Data visualization uses three distinct types of color encoding, each with different design requirements. Categorical encoding uses color to distinguish unordered groups (product categories, countries, species) — the colors should be maximally distinguishable from each other while avoiding any implication of ordering. Sequential encoding uses color lightness or saturation to represent a continuous ordered variable (temperature, population density, probability) — the color progression should be perceptually uniform so that equal data differences produce equal perceived color differences. Diverging encoding represents variables with a meaningful midpoint (positive vs. negative deviation, comparison to average) — two hue sequences meet at a neutral midpoint color, showing direction as well as magnitude.
The most pervasive data visualization color mistake is applying categorical colors to ordered data, or sequential colors to categorical data. A bar chart showing five product categories should use five distinguishable, perceptually equal colors — not a five-step gradient from light to dark, which implies that the last category is 'more' than the first. A choropleth map showing population density should use a sequential color scale — not five arbitrary categorical colors, which obscures the underlying ordering. The choice of encoding type is a data structure decision, not an aesthetic one: it should be determined by whether the variable being represented is nominal (unordered), ordinal (ordered), or continuous (numeric).
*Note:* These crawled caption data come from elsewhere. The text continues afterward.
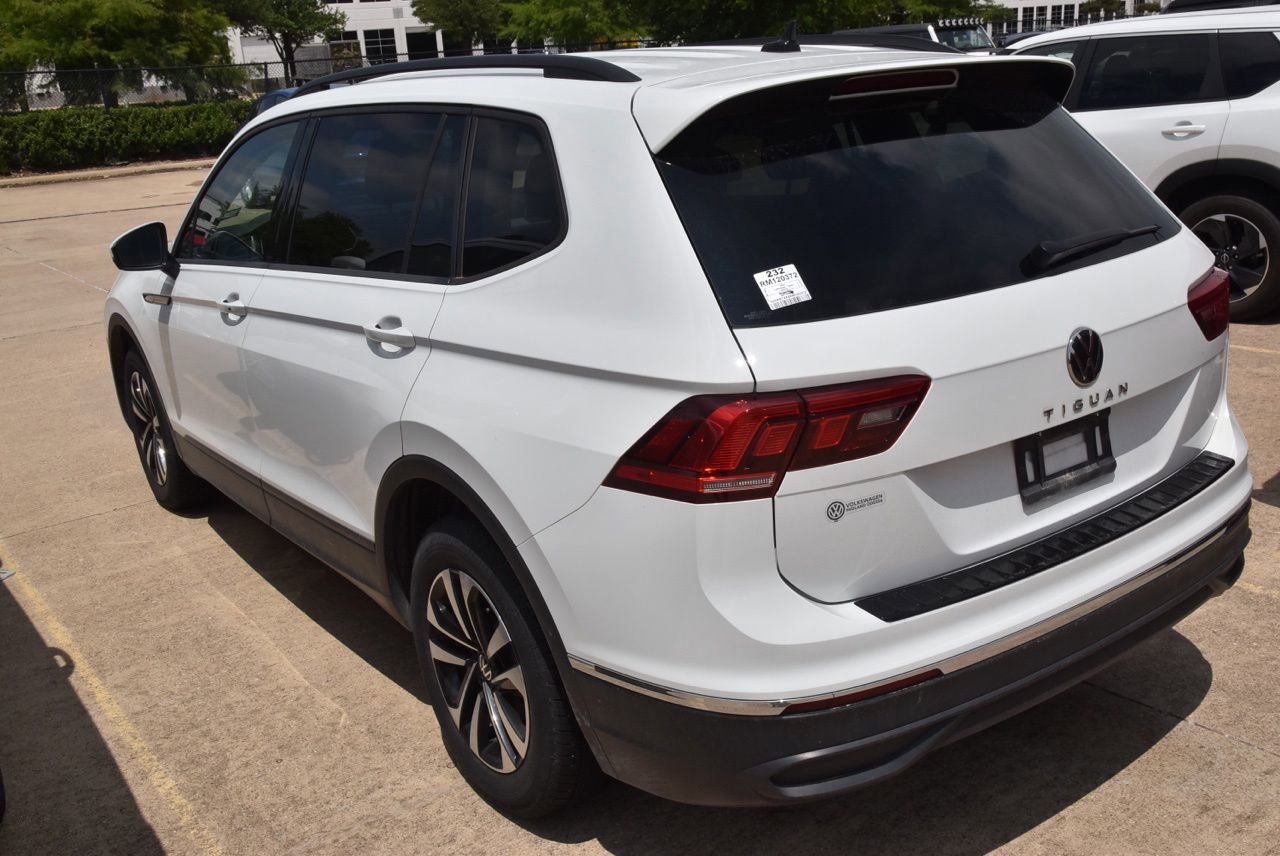 Used 2024 Volkswagen Tiguan S w/ MDO Package, Three-Row FWD image 7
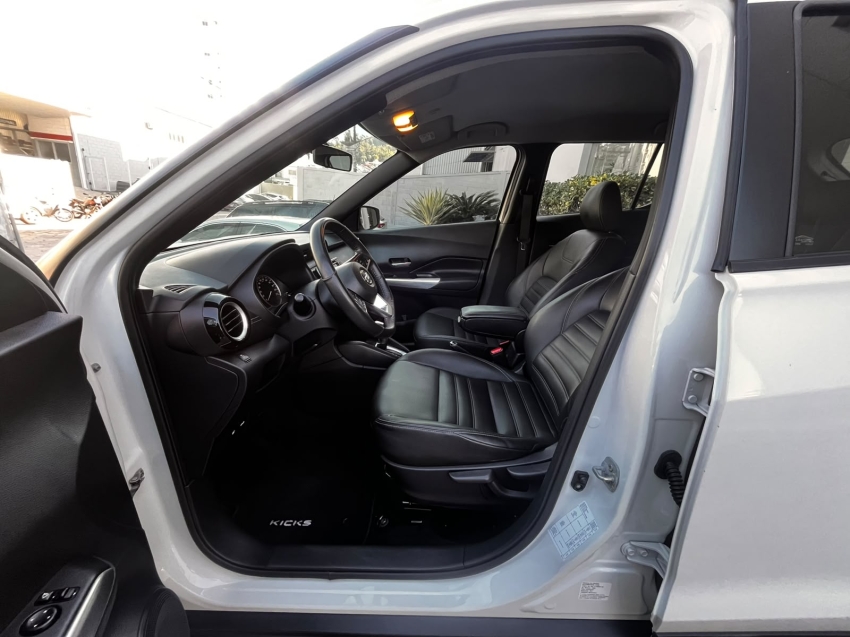 nissan kicks 1.6 16v flexstart sl 4p xtronic flex automatico 202010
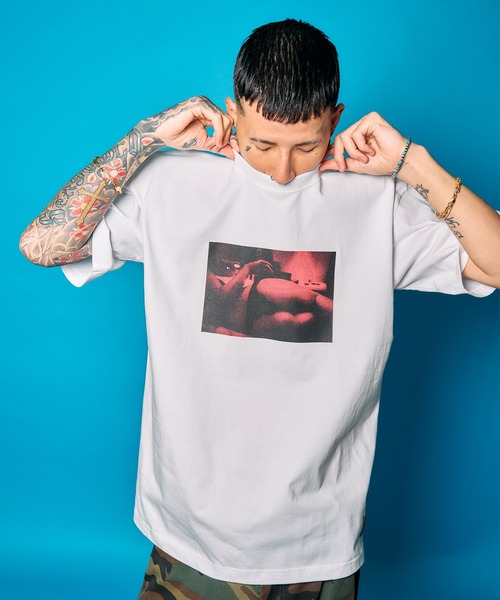 Subciety(サブサエティ)の「intimate room tee(Tシャツ/カットソー・メンズ・ブラック×ブルー/ブラック/ホワイト×レッド/ホワイト・SMALL/MEDIUM/LARGE/X-LARGE/XX-LARGE)」の17枚目の写真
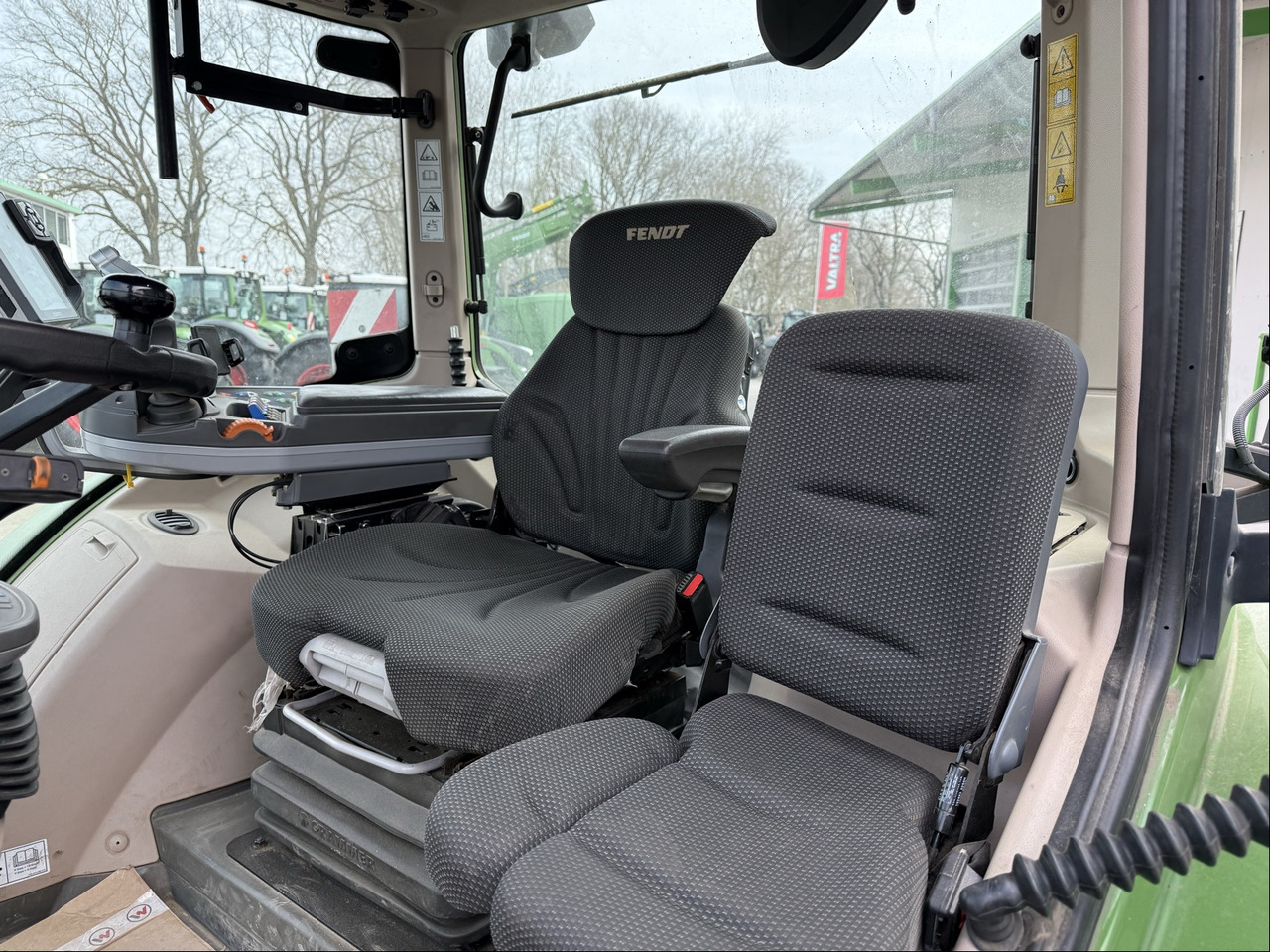 Fendt 724 Vario S4 - Farm tractor: picture 5 Fendt 724 Vario S4 - Farm tractor: picture 5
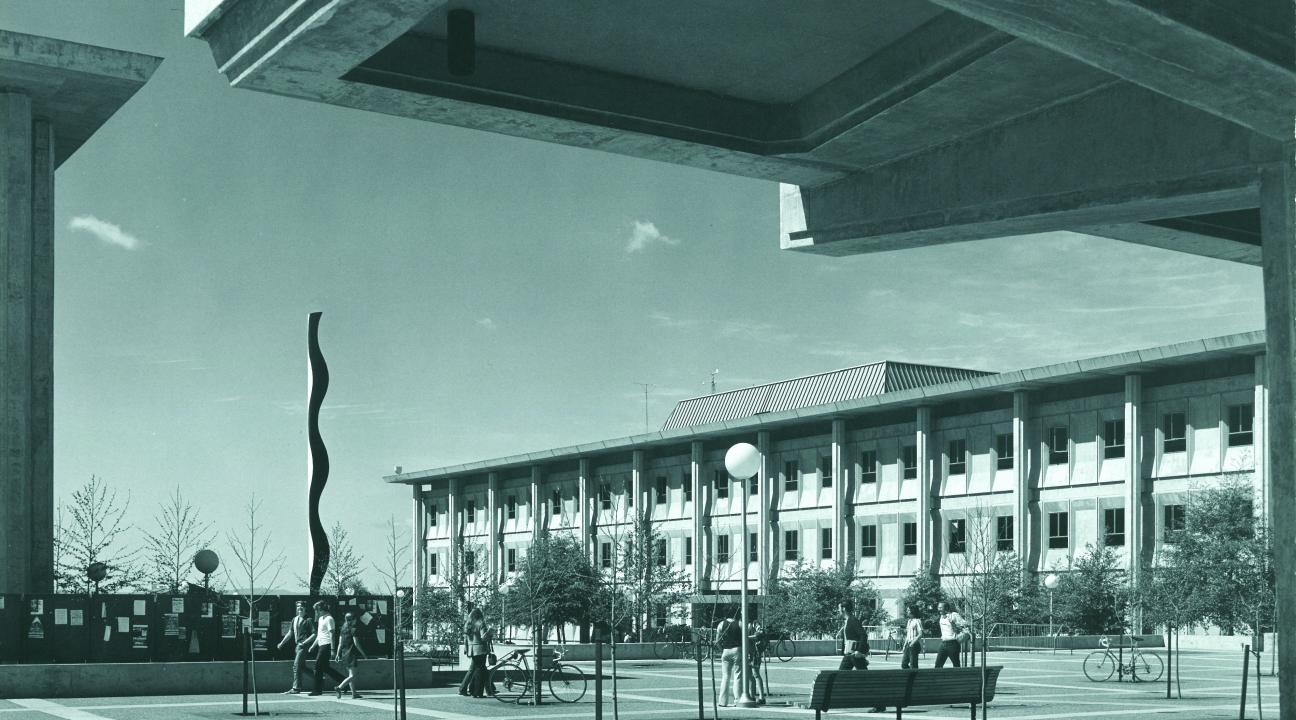 Salazar Plaza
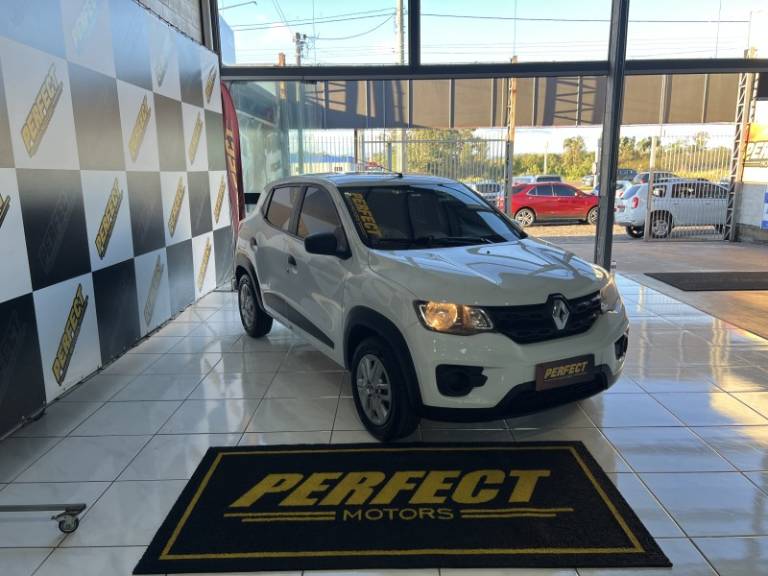 RENAULT - KWID - 2020/2020 - Branca - R$ 36.900,00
Colorblind accessibility in data visualization requires designing for the 8% of men and 0.5% of women with some form of color vision deficiency. Deuteranopia and protanopia (red-green colorblindness) are the most common forms. The most common visualization mistake for these users: using red for 'bad' and green for 'good' without any other distinguishing encoding. The solution is not to eliminate color, but to add redundant encoding: shape, pattern, position, or text labels that convey the same information the color is encoding. A well-designed accessible visualization uses color as one of multiple encoding channels, not the sole encoding channel for critical information.